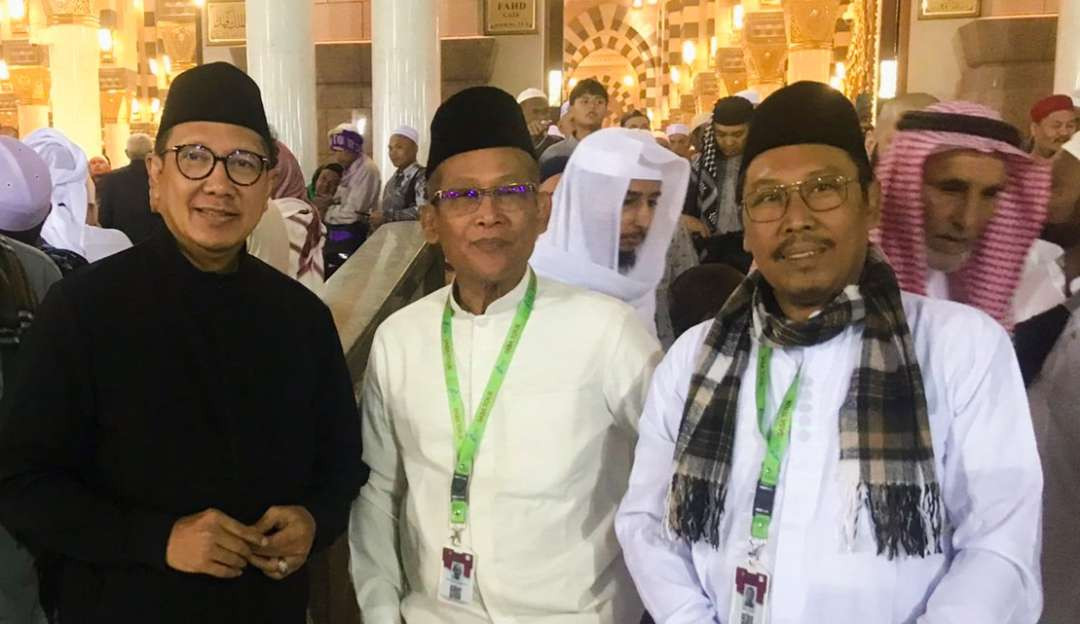 Prof Muh Mukri (tengah, Rektor UNU Blitar) bersama Prof Surachmat (Universitas Islam Malang) dan H Lukman Hakim Saifuddin (kiri, mantan Menteri Agama) saat menjalankan ibadah umrah. (Foto: dok/ngopibareng.id)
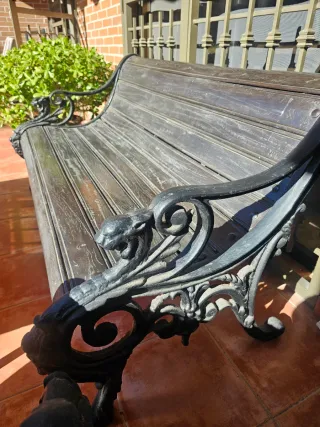 Bancos de jardín antiguo madera y forja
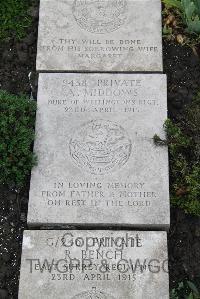 Boulogne Eastern Cemetery - Middows, A
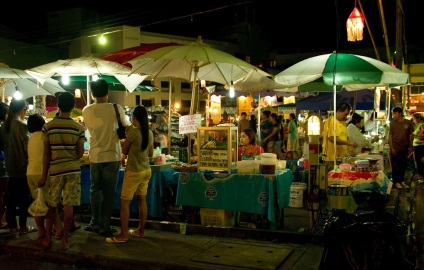 Un ghid pentru alimentele stradale din Thailanda sau fast food în Thailanda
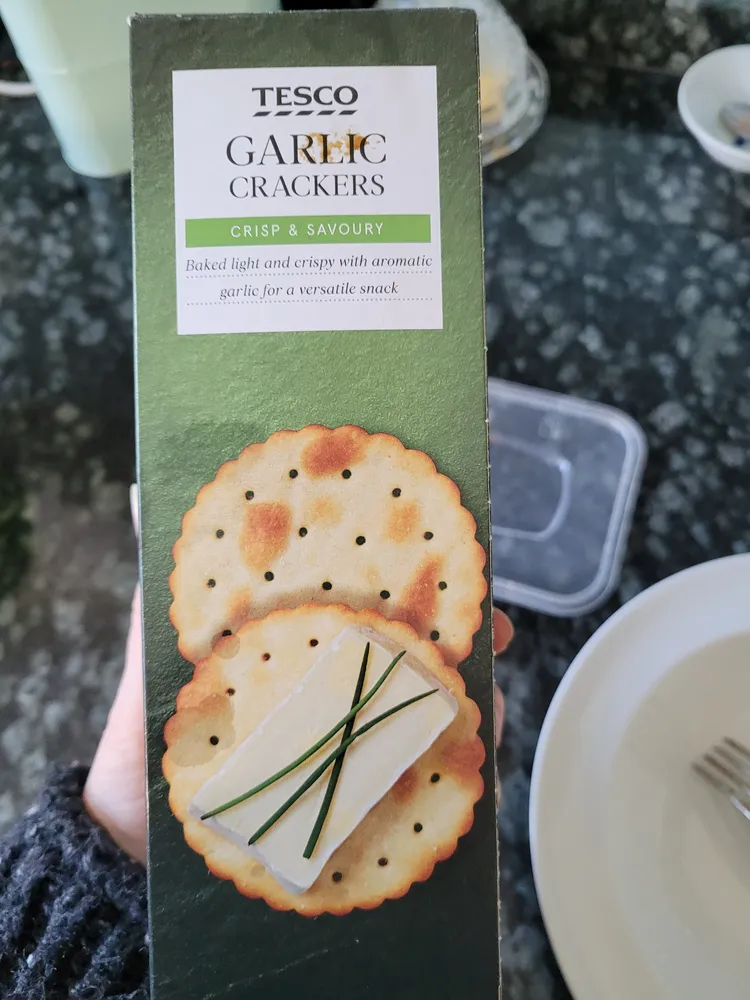 Garlic Crackers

= = =

Task to carry out
From the line containing "Boulogne Eastern Cemetery - Middows, A" down to the final line of the listing above, write out only those lines exactly as they are, minus the pictures.

Result of the exercise
 Boulogne Eastern Cemetery - Middows, A
 Un ghid pentru alimentele stradale din Thailanda sau fast food în Thailanda
 Garlic Crackers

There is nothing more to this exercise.